### Given data
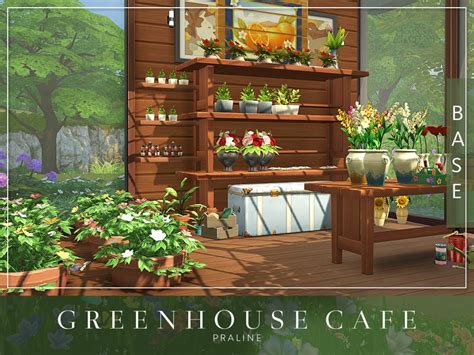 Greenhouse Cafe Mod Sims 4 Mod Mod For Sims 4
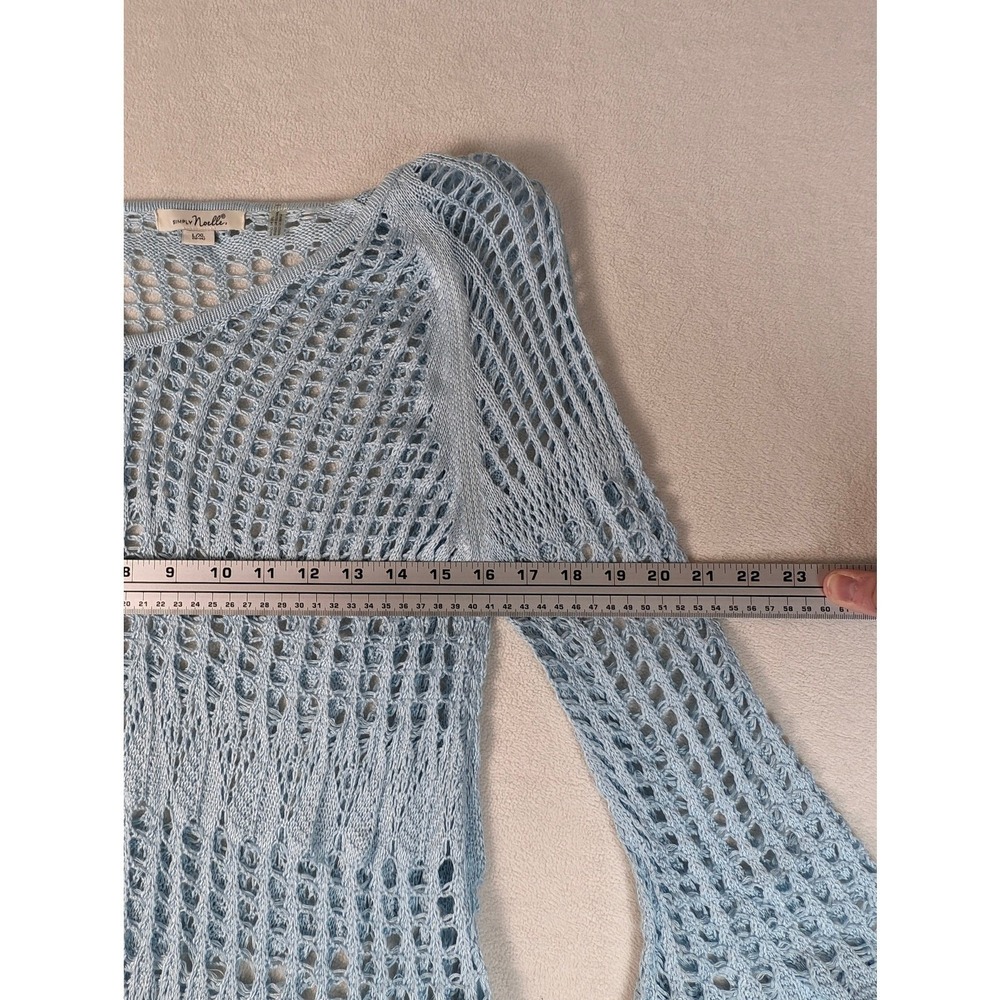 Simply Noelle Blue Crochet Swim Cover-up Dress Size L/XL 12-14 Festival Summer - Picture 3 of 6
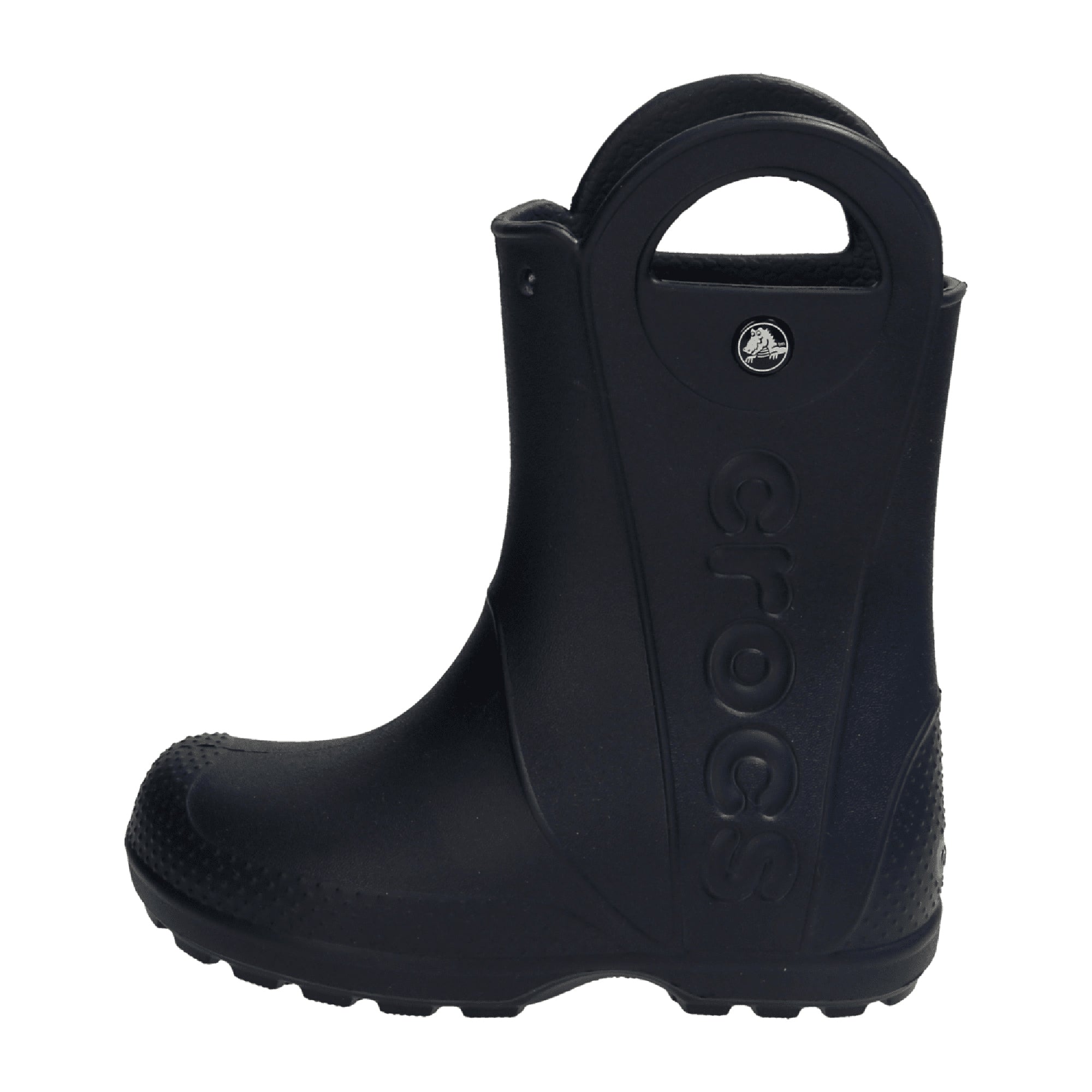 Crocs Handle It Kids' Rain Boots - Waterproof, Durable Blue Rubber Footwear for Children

### How to complete this task
Only the pictures are dropped. Otherwise, write out the listing exactly.

### Solution for this problem
 Greenhouse Cafe Mod Sims 4 Mod Mod For Sims 4
 Simply Noelle Blue Crochet Swim Cover-up Dress Size L/XL 12-14 Festival Summer - Picture 3 of 6
 Crocs Handle It Kids' Rain Boots - Waterproof, Durable Blue Rubber Footwear for Children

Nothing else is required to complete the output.